Сказала и снова расстроилась, нахмурилась, пряча подарок в кошель. Техути ответил мягко:
– Я сам боюсь за нее, Фити. Потому буду следить, как следил бы за любимой женой. Я много врачевал и спасал от болезней. И от яда, помнишь. Я спас Ахатту и княгиню тоже.
– Помню я, помню. Ты садись, вот кружка, попей горячего. Рука-то не болит?
– Нет.
Сидели рядом, пили горячий отвар, глядя, как языки пламени лижут копченое дно старого котелка.
– Я ее принимала, жрец. Стоял день без теней, одно сплошное солнце. Всю траву выжгло в то лето, и на поляне умирали змеи, если по глупости выползали из нор. Ее мать рожала стоя, сунув руки в ремни, смотрела на меня и не видела, а глазищи из серых стали темные, как ночь, большие, что два колодца. Две шаманихи прыгали, били в бубны, чуть не убила я их, когда скакали вокруг.
Фития тихонько засмеялась.
– А потом Эния захлопала глазами, заговорила, мне и не понять что, на своем языке. Поднатужилась. И выпала девочка прямо мне в руки. На солнце. Я ее держу у груди, а сама рукой шарю позади себя, где же нож, ой думаю, тупая твоя голова, нянька, чем отсечь пуповину. Чтоб не класть ребенка на каленую землю, думаю, сейчас перегрызу зубами. А он, нож, будто сам мне в руку прыгнул. Открыла маленькая глаза и как закричит, сердито и звонко. А в ротике солнышко, как у пойманной рыбки, светит туда, до самого горла. Так вот с солнцем с тех пор и живет, и сама как солнце. Ты ее береги, жрец. Сейчас-то я не всегда могу с ней, видишь, она в делах все дни. Когда я тут остаюсь, ты береги.
– Я сберегу.
От большого костра донеслись возгласы и стихли.
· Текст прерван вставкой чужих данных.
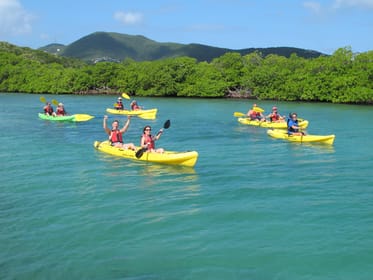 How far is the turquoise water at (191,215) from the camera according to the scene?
720 cm

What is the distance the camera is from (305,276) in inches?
272

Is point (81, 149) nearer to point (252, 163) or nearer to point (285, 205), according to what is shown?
point (252, 163)

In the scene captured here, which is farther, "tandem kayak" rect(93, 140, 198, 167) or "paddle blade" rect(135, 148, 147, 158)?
"paddle blade" rect(135, 148, 147, 158)

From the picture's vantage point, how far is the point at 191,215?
9.49 meters

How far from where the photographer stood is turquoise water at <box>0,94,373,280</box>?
23.6ft

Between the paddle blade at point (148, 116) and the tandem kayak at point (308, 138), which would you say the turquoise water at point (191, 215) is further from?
the paddle blade at point (148, 116)

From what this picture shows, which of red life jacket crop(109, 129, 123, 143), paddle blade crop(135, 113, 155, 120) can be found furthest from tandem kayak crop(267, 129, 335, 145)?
paddle blade crop(135, 113, 155, 120)

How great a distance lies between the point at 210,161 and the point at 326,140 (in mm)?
5599

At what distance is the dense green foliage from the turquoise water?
27.5 m

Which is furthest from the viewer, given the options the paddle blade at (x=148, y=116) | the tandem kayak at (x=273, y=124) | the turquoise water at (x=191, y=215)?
the paddle blade at (x=148, y=116)

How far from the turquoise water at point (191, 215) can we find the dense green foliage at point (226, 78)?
90.3 ft

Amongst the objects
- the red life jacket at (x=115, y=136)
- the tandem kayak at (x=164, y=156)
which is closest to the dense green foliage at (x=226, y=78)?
the red life jacket at (x=115, y=136)

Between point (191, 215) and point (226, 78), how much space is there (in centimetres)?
4487

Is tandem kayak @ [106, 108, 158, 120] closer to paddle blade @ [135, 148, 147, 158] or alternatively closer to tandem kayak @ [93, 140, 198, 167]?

Послышались в темноте шаги, заглушаемые ором лягушек, что хороводили свадьбы по крошечным бочагам на краю лагеря. Свет упал сначала на ноги и подол куртки, осветил руки, держащие накрытую миску. Хаидэ подошла, медленно села, придерживая рукой живот, вытянула одну ногу и, сунув Техути теплую миску, взялась рукой за согнутое колено.
– Поешь, мясо тебе.
Он замер, уставившись на миску. Сидящая рядом беременная женщина, это о ней рассказала старуха. …Девочка с открытым маленьким ртом, полным солнечного света. Она принесла ему мясо. Как мужу. Швырнуть бы эту миску, чтоб упал в костер котелок, схватить ее в охапку и убежать. Туда, где нет важных старейшин, сухого хитроглазого шамана, хмельного Теренция, пишущего ей короткие письма. Чтоб никого, и чтоб она приходила и протягивала ему, с женской заботой, будто само собой разумеющееся… Поешь… потому что так должна поступать женщина со своим мужчиной. Только так.
Что же она делает с ним? И как? Ведь не пляшет, извиваясь и блестя глазами под накрашенными веками, не показывает бедра, обводя их змеиными движениями тонких рук. Сидит, усталая, с горой живота, в котором чужой ребенок, и даже не смотрит на него, погруженная в заботы племени. Но и не думая о нем, крепко держит в маленьком кулаке его сердце. А он – беззащитен.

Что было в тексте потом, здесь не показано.